§ What you need to do
All the data that follows should be repeated exactly, without a single picture.

§ Records to use
================================

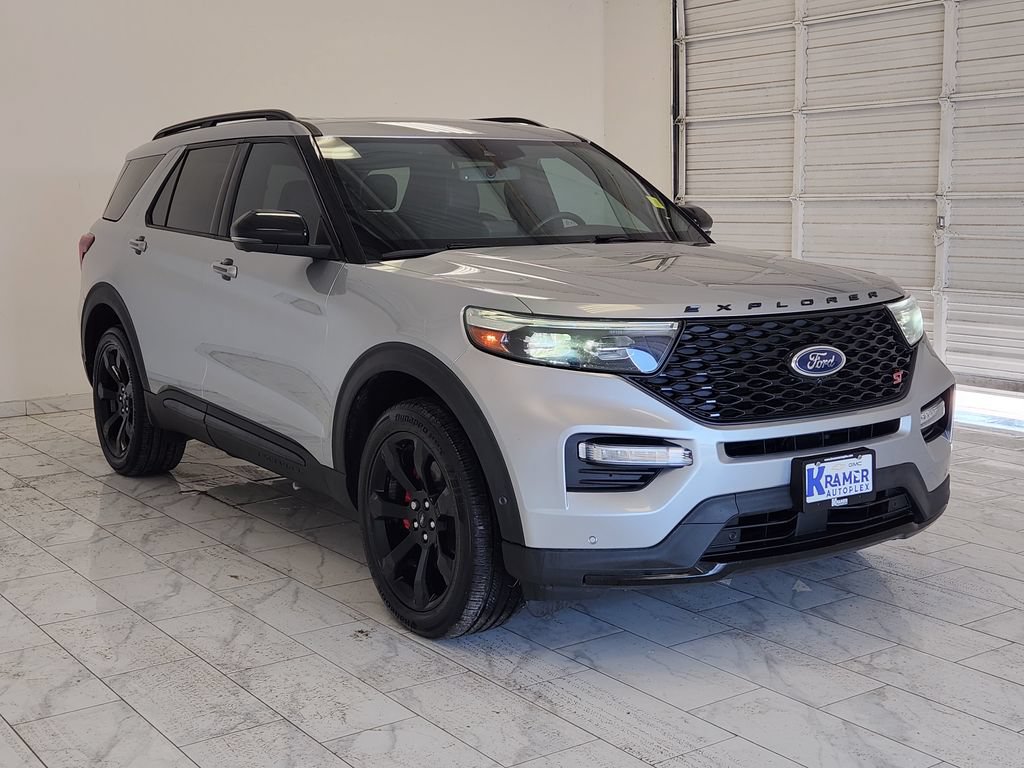 Used 2023 Ford Explorer ST w/ Equipment Group 401A AWD/4WD image 3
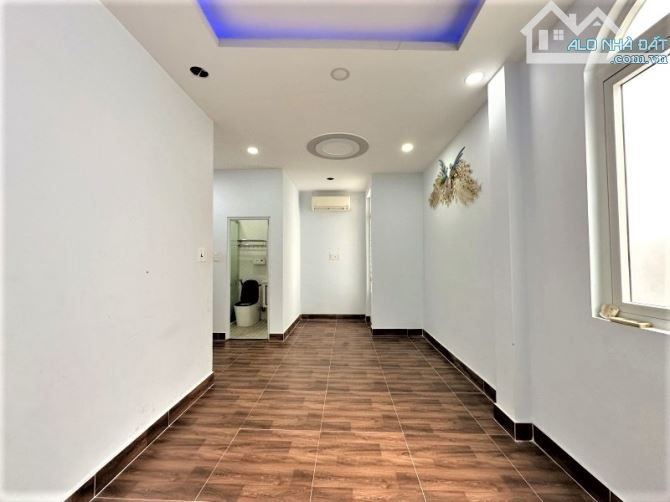 TẦM GIÁ 7 TỶ - NHÀ ĐẸP QUẬN 1 - VÀI BƯỚC RA MẶT TIỀN HOÀNG SA - 4 TẦNG 3PN MASTER VUÔNG A4 - 4
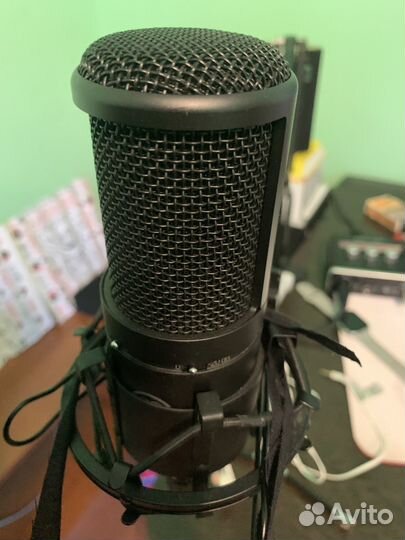 AKG p12 + behringer um2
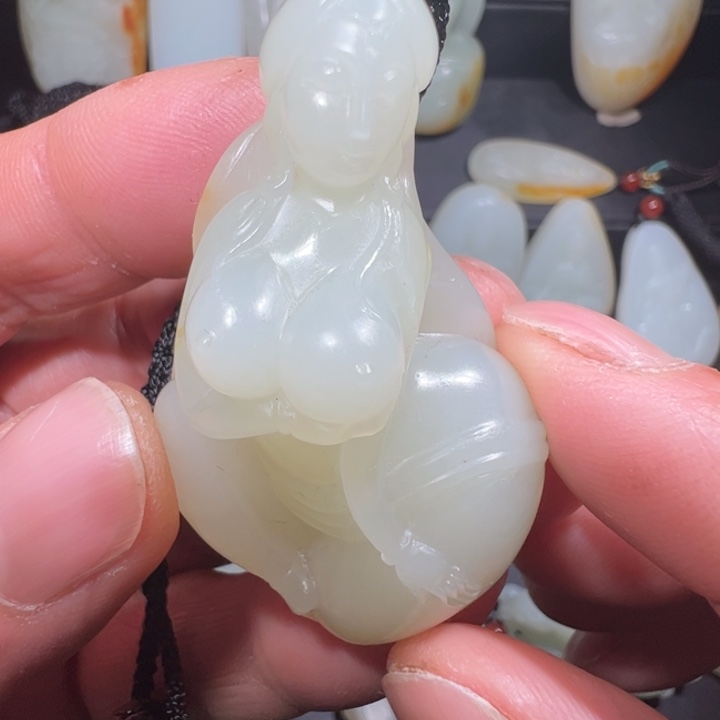 和田玉颈饰未镶嵌章**r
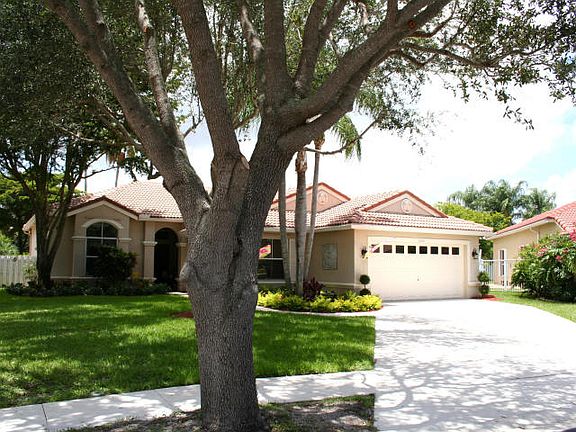 3rd image of 6020 Royal Birkdale Dr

================================

§ Expected answer
 Used 2023 Ford Explorer ST w/ Equipment Group 401A AWD/4WD image 3
 TẦM GIÁ 7 TỶ - NHÀ ĐẸP QUẬN 1 - VÀI BƯỚC RA MẶT TIỀN HOÀNG SA - 4 TẦNG 3PN MASTER VUÔNG A4 - 4
 AKG p12 + behringer um2
 和田玉颈饰未镶嵌章**r
 3rd image of 6020 Royal Birkdale Dr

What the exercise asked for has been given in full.